The jury found that the defendants breached their fiduciary duties, misappropriated EMC Cement BV’s trade secrets, tortiously interfered with the plaintiffs’ business and conspired together in the process. The defendants then embarked on a six-year appellate pursuit, twice the time it took the case to come to trial.
First, in Waco’s 10th Court of Appeals, a panel affirmed the $16.5 million judgment, adding to its order a permanent injunction against the defendants that the trial court had declined to instate.
The defendants then appealed to the Texas Supreme Court, but it would take two tries before the high court granted review. While the defendants initially presented various grounds for appeal, they consolidated their arguments the second time around, and the Supreme Court granted review last year.
In its opinion, the Supreme Court laid out a simple explanation for tossing the multimillion-dollar judgment: there was not enough evidence in the record to support the damages.
The court also tossed the lower appellate court’s permanent injunction, finding that the trial court did not abuse its discretion in denying to impose one in the first place “on the ground that it had an adequate remedy at law.”
However, the discussion that composed a considerable and complicated chunk of Justice Brett Busby’s 46-page majority opinion was over whether EMC Cement BV, in its role as a limited partner to Texas EMC Products, had standing to recover damages for injury to the value of the partnership. Out of the $16.5 million trial court judgment, $7 million was awarded to EMC Cement BV for Walker and Wilson’s alleged breach of the partnership agreement.
The question Walker posed on appeal was whether EMC Cement BV’s standing concerns subject-matter jurisdiction. The majority found that it did not.
“The authority of a partner to recover for an alleged injury to the value of its interest in the partnership is not a matter of constitutional standing that implicates subject-matter jurisdiction,” Justice Busby wrote for the majority. “We hold that a partner or other stakeholder in a business organization has constitutional standing to sue for an alleged loss in the value of its interest in the organization.”
But in a 21-page, partial dissent, Justice Jane Bland disagreed, arguing that the majority vote ignores the derivative standing provisions in the Business Organization Code.

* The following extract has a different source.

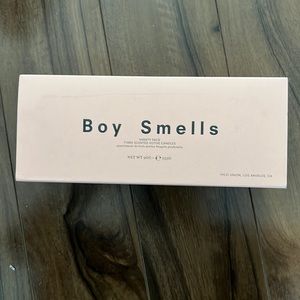 Boy smell candles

“Empowering a partner with standing to directly recover a claim for the partnership’s injury conflicts with a partnership’s status as an independent and separate entity that owns any claims that seeks redress for its injuries,” Justice Bland wrote. “It further undermines the central tenet of every business organization: they stand independently, distinct and separate from any individual stakeholder.”
Haynes and Boone appellate partner Mark Trachtenberg, who presented oral arguments on behalf of all of the defendants last September, called Friday’s ruling a “complete victory.”
“It’s a reaffirmation that plaintiffs cannot rely on conclusory and speculative damages testimony and that damages experts need to be able to support their assumptions with the facts and connect the dots, or they’re vulnerable on appeal,” he said. “The judgment against our clients should have never been entered in the first place.”
Thompson & Knight partner Rich Phillips, who argued the case for the plaintiffs, did not respond to a request for comment.
Haynes and Boone was hired on the case the day after the verdict to represent VHSC and Pike. The Haynes and Boone appellate team also included partners Nina Cortell and Ben Mesches, counsel Ryan Paulsen and Mike Hatchell, as well as associate Andrew Guthrie.
Charles Frazier of Alexander Dubose & Jefferson led the appeal for Walker and Few Ready Mix, while Andy McSwain of Fulbright Winniford led the appeal for Wilson.
Correction: This article as been changed to clarify the ownership of VHSC.